Stored data entries
....

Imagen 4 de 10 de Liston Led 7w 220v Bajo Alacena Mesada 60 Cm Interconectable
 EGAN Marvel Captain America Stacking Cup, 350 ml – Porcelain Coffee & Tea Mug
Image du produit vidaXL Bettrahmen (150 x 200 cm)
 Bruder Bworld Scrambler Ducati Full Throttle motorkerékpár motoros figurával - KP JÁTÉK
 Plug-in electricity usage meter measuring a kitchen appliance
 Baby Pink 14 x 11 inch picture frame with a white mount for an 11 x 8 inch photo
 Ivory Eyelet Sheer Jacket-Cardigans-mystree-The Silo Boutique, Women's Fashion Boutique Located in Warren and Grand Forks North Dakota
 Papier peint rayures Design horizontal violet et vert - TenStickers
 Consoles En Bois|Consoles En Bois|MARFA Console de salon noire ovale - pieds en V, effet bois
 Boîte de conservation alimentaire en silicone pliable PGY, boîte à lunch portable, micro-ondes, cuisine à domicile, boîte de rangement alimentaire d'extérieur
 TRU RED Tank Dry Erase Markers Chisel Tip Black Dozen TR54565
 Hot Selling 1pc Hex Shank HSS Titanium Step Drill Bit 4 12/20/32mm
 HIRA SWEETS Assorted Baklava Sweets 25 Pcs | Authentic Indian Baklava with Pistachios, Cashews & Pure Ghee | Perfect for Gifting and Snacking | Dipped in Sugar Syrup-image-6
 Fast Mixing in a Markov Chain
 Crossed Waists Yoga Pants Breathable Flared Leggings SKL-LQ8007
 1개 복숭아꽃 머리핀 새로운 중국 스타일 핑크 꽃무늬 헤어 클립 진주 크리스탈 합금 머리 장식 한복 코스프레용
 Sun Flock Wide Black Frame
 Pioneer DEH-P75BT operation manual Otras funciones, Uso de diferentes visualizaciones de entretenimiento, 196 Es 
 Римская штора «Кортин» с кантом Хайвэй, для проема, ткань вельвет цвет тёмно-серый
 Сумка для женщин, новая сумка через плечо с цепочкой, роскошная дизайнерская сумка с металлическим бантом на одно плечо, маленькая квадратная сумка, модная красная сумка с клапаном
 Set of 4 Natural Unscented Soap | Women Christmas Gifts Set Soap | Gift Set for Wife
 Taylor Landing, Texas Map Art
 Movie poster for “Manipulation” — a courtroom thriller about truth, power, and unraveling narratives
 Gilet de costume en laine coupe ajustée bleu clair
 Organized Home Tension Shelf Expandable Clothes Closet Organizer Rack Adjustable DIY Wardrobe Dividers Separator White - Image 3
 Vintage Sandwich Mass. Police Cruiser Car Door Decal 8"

....

• _Required work_:
"Women" is the word to look for; copy every line of the data that has it.

• _Answer box_:
 Ivory Eyelet Sheer Jacket-Cardigans-mystree-The Silo Boutique, Women's Fashion Boutique Located in Warren and Grand Forks North Dakota
 Set of 4 Natural Unscented Soap | Women Christmas Gifts Set Soap | Gift Set for Wife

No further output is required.